Skowhegan Woman’s Club Joins Finding Our Voices to Break the Silence of Domestic Abuse

Billie Sherman with the Finding Our Voices poster of Amy Burns, whose state trooper ex held a loaded gun to her head with no repercussions from his superiors when she reported this to them. Photo by Patrisha McLean 

The GFCW Skowhegan Woman’s Club painted the town yellow on Friday October 6 for Domestic Abuse Awareness Month, getting Finding Our Voices posters up in 20 business windows and having many meaningful conversations along the way.

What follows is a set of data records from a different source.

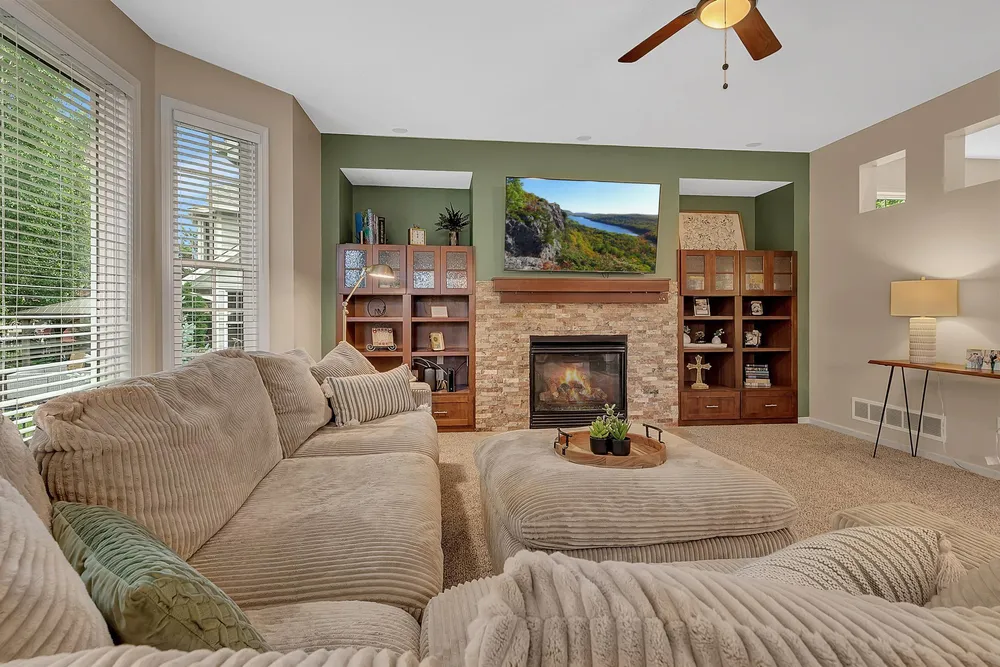 3373 Couchtown Path, Rosemount, MN 55068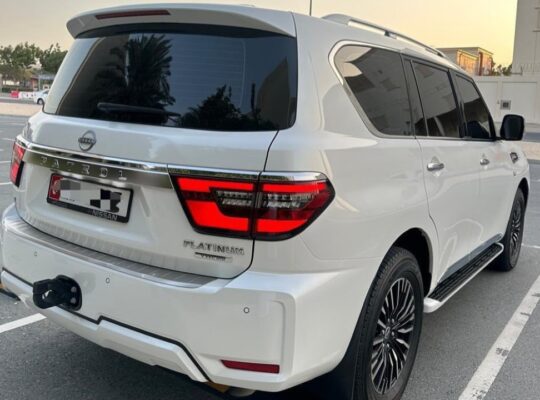 Nissan Patrol platinum 2022 full option Gcc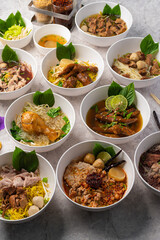 Various kinds of mixed noodles are placed on the table.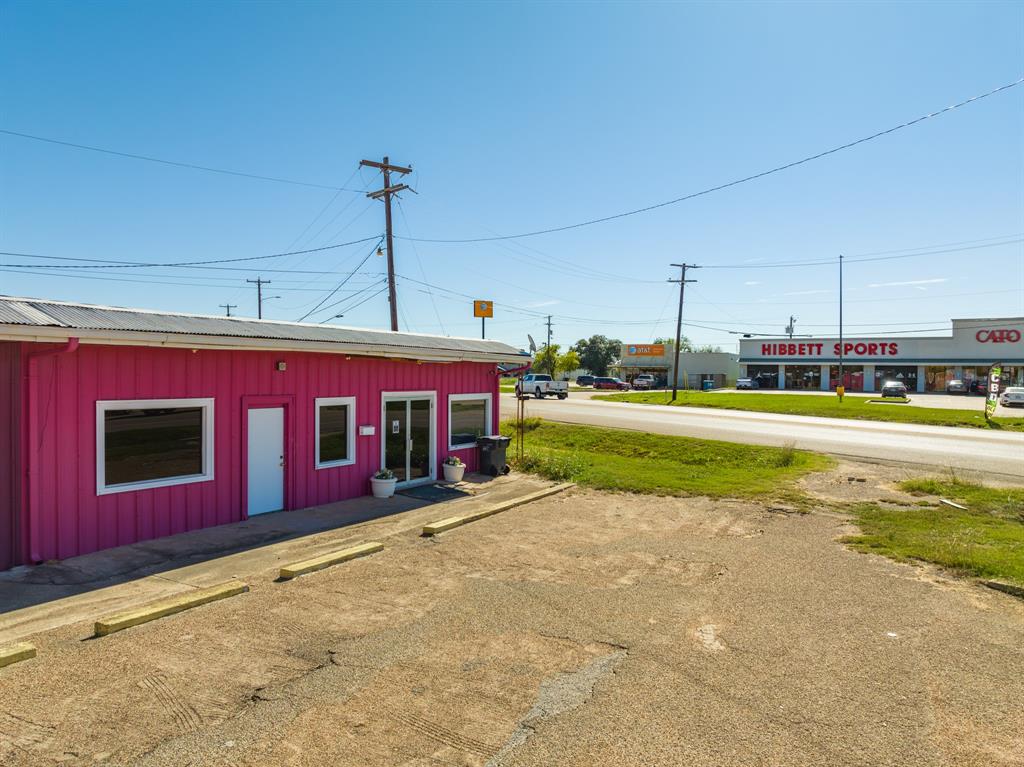 1335 E Milam Street Property Photo 20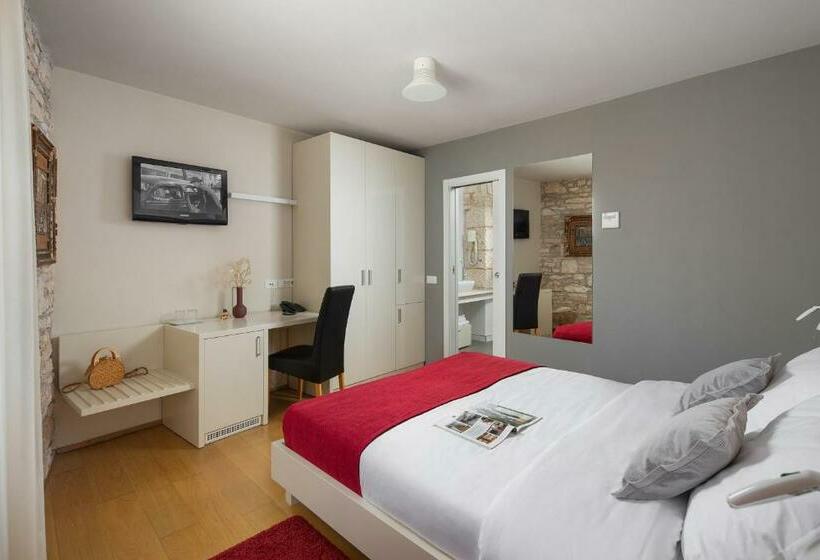 غرفة قياسية, La Grisa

The posters feature the faces and voices of 45 Maine survivors including Governor Janet T. Mills, and are the most visible way the grassroots nonprofit Finding Our Voices is breaking the silence of domestic abuse one conversation and community at a time across the state. Finding Our Voices has brought the posters to 90-plus Maine downtowns, and multiple times to some, since launching the bold awareness and education campaign at the onset of COVID.

Five members of the Woman’s Club were joined on Friday by the town clerk/treasurer Gail Pelotte and two survivors on the posters, Mary Lou Smith, 83-years-old who drove from Scarborough, and Patrisha McLean from Camden, the nonprofit’s founder/president. McLean started Finding Our Voices following the domestic violence arrest in 2016 of her then-husband of 29 years, Don “American Pie” McLean. 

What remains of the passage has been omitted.